ところがリードを奪ったのもつかの間で、76分、左サイドの裏を使われクロスを上げられると、中央に飛びこんだ敵FWに頭で合わされ失点。2-2と同点に追いつかれる。
しかし、東京は諦めない。81分、阿部が敵のパスをカットして得た左CKを小川が蹴ると、中央で森重が頭で合わせ、敵GKの手を弾いてゴール。再び3-2と勝ち越す。5分刻みで得点の入る打ち合いになったが、東京が意地を見せた。
東京はここから試合をクローズに入る形で羽生を準備、阿部との交代で投入しようとしたが、敵FKとなったブレイクではいったん出ようとした阿部を戻して交代を保留。セット・プレーでのマークのズレを嫌ったのだと思うが、この交代枠の温存が微妙に効くことになる。
86分、敵の攻撃の目を摘もうと前に出た森重が敵MFにスライディング。ボールをヒットしたようにも見えたが、ムリめのタイミングで足裏を見せての激しいタックルとなり退場の判定。森重自身もこのプレーで傷み、担架が呼びこまれるがこれを制して歩いての退場となる。
これを受けて89分、交代のカードを差し替え、平山を下げて高橋を投入、高橋はそのままCBに入る。高さのある平山は残して前田か阿部か東を下げるべきではなかったかと思うが、平山もケガ明けであることを考慮したか。
アディショナル・タイムは5分あり、名古屋の反撃を受けたがしのぎぎって3-2で辛勝。シーソー・ゲームとなったがホームで貴重な勝ち点3を挙げた。

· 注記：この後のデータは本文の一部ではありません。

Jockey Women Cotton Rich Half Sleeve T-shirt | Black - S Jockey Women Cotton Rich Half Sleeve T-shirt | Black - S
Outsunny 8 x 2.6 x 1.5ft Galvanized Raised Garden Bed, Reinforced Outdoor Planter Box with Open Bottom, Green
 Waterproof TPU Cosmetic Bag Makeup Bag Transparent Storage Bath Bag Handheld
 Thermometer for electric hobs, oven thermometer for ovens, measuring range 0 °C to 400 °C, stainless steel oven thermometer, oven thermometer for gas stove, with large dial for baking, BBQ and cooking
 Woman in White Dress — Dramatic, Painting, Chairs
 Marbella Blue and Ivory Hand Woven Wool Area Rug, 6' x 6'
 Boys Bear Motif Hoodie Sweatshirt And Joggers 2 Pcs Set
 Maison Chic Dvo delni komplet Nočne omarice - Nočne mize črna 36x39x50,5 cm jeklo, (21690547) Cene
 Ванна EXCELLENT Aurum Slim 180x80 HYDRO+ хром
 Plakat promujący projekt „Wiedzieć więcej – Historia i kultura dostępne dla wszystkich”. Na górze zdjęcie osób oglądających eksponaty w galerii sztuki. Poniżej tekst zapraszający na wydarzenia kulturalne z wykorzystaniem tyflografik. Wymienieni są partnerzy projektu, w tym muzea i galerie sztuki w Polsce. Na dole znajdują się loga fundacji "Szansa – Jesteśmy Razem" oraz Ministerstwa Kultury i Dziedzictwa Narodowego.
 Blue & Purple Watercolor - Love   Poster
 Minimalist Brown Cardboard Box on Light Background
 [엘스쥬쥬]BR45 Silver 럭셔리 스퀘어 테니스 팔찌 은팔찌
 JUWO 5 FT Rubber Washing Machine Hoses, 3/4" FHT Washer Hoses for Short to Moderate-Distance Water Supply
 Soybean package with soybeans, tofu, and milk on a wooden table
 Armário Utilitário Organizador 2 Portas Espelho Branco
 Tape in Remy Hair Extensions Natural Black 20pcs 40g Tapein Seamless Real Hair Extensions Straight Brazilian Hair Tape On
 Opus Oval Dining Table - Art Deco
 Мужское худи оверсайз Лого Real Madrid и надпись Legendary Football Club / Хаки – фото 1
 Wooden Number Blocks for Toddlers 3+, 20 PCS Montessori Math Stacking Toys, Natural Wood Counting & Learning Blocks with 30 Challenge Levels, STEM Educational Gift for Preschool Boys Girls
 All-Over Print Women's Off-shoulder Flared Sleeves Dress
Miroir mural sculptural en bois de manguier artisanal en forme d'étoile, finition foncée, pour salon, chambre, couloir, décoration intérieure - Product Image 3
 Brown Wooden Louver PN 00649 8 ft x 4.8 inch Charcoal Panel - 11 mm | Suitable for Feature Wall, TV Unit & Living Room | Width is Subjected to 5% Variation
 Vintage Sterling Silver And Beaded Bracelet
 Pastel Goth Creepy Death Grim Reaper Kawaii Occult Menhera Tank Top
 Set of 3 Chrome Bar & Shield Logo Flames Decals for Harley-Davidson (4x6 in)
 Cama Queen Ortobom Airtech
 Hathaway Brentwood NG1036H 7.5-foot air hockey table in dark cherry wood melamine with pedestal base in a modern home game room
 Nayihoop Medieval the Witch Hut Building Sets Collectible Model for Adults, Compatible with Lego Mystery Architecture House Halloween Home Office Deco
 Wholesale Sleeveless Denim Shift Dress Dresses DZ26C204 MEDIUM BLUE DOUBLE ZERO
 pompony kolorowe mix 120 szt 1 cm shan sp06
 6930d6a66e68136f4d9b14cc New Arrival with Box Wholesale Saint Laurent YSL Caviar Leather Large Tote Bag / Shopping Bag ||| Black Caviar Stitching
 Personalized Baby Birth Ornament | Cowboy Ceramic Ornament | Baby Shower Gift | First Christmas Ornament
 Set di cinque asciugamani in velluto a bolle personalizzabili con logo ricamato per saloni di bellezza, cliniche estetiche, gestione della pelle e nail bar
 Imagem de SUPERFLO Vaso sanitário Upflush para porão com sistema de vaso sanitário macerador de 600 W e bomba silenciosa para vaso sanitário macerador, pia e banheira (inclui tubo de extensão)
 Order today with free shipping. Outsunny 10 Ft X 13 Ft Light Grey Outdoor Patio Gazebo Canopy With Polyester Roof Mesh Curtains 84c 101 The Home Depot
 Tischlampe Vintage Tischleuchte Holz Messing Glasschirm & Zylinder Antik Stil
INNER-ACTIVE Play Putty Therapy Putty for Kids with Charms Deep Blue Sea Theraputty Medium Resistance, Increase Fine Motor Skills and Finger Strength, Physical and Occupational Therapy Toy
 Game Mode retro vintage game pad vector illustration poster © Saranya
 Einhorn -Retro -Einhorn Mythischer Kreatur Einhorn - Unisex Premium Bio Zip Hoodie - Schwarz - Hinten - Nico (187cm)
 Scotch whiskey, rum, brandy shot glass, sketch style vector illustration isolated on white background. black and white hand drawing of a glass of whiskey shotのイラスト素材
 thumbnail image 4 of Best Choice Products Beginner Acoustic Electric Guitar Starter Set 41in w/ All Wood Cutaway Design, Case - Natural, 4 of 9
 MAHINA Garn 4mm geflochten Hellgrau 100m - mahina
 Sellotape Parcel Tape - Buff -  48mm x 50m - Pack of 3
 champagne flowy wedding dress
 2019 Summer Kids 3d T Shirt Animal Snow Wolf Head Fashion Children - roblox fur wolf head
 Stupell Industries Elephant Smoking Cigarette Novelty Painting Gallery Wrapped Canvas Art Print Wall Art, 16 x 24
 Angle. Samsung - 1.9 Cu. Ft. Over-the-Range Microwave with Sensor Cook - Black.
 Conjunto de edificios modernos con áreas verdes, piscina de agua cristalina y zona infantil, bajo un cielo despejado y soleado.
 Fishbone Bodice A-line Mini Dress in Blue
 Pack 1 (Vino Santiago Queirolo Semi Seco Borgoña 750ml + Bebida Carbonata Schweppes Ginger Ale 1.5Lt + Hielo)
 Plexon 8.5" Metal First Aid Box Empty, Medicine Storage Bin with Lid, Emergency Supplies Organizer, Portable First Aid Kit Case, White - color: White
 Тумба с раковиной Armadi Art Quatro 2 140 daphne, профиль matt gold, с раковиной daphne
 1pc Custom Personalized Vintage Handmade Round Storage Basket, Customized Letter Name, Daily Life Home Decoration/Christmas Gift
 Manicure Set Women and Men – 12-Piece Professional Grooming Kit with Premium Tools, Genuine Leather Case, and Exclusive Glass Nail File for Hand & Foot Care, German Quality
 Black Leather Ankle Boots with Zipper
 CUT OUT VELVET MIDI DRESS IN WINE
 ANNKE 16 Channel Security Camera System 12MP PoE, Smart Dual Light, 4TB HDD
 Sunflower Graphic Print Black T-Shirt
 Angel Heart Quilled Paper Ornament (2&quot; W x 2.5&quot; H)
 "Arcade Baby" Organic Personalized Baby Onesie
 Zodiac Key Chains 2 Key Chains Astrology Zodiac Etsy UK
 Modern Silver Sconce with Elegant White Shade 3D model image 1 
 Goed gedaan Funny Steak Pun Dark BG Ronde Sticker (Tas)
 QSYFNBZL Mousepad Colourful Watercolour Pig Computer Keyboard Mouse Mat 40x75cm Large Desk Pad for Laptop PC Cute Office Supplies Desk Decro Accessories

2点を失いながらも3点を奪って半ば強引に結果を引き寄せたという意味では評価すべきだが、内容的には決して手放しで喜べるものでない。
1失点目は敵CKをクリアしきれなかったボールを拾われ、枠の外に向かったシュートが敵に当たって入る不運なものだったが、それ以外にも軽いパスミスからピンチを招いたり無謀なチャレンジをいなされて後ろを取られたりと、守備の約束ごとが徹底されているのか疑問を感じるシーンが多発していた。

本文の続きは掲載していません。